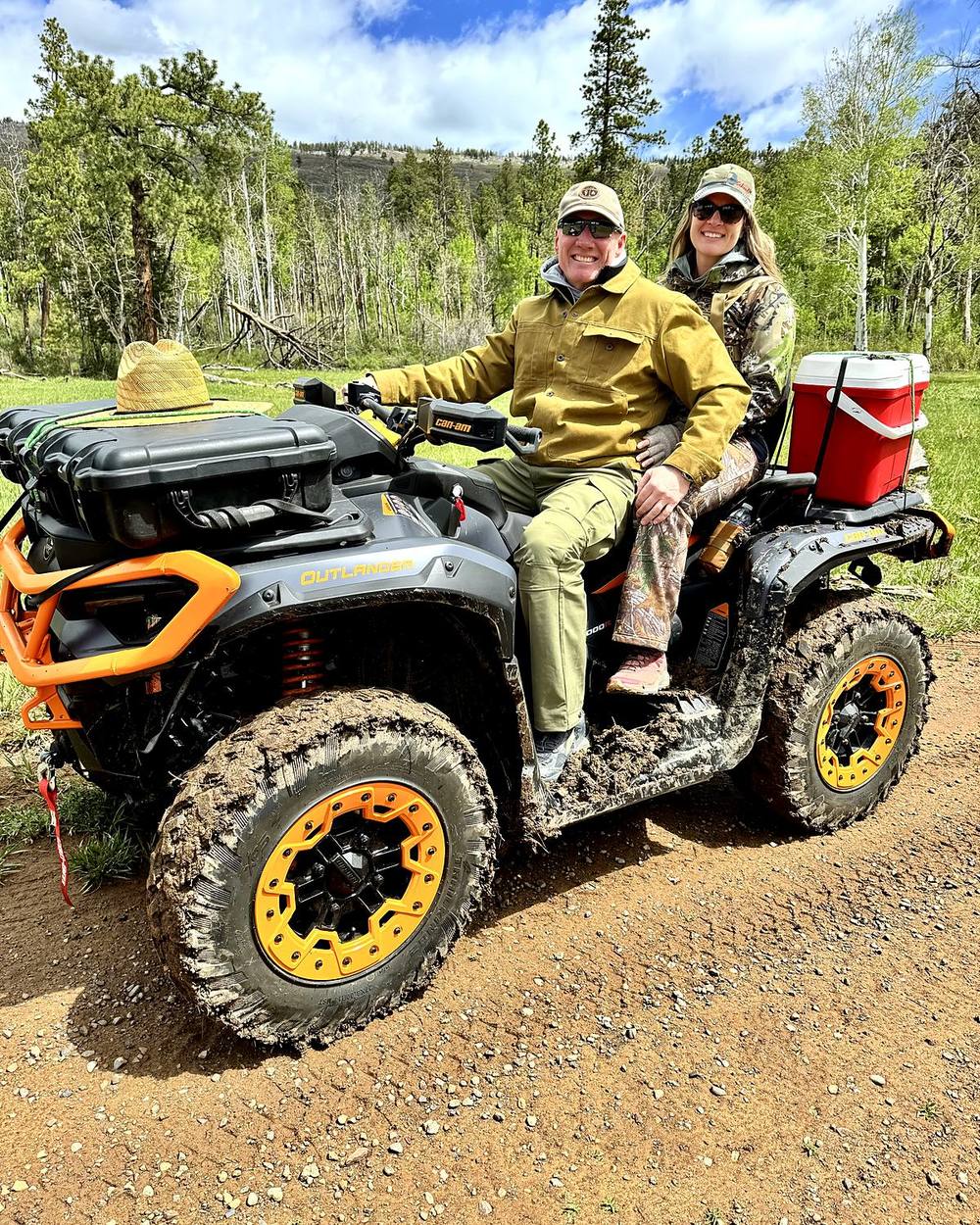 The two of us on a mud-caked ATV on a Colorado trail, cooler strapped to the back, aspens and mountains behind.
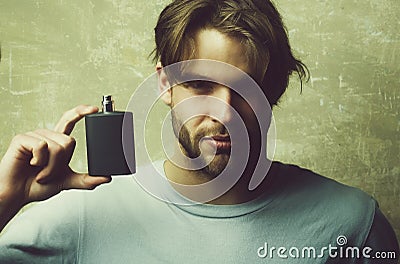 Male cologne. guy with black perfume bottle Stock Photo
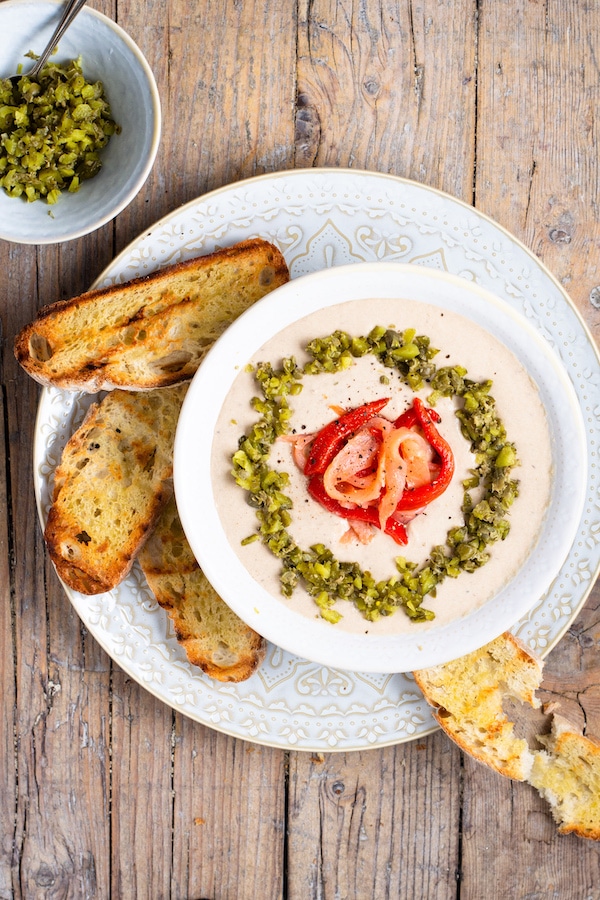 A white bowl with cream of canned sardines surrounded by toast.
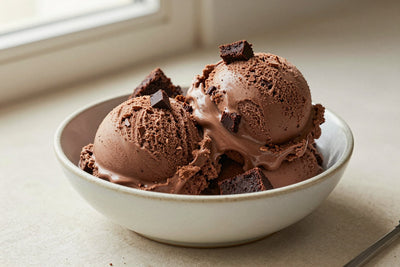 Two generous scoops of chocolate brownie ice cream in a shallow ceramic bowl, softly melting at the edges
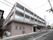 1階は駐車場、2階以上が居住空間になっている。建物の壁に施設名が書かれたプレートが取り付けられている。玄関前に立て看板が置かれている。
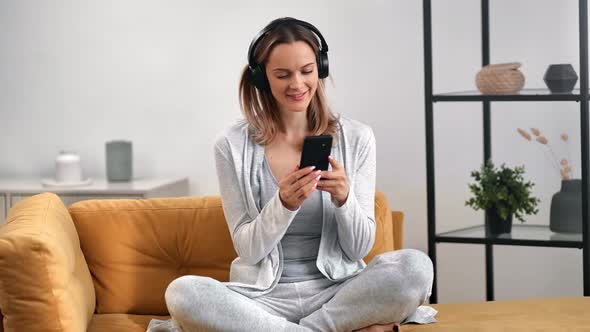 Pleasant Female in Headphones Enjoying Audio Sound Smartphone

☆ ☆ ☆

__What this task involves__: Retype the whole of the data verbatim. Skip every picture.

__Task output__:
 The two of us on a mud-caked ATV on a Colorado trail, cooler strapped to the back, aspens and mountains behind.
 Male cologne. guy with black perfume bottle Stock Photo
 A white bowl with cream of canned sardines surrounded by toast.
 Two generous scoops of chocolate brownie ice cream in a shallow ceramic bowl, softly melting at the edges
 1階は駐車場、2階以上が居住空間になっている。建物の壁に施設名が書かれたプレートが取り付けられている。玄関前に立て看板が置かれている。
 Pleasant Female in Headphones Enjoying Audio Sound Smartphone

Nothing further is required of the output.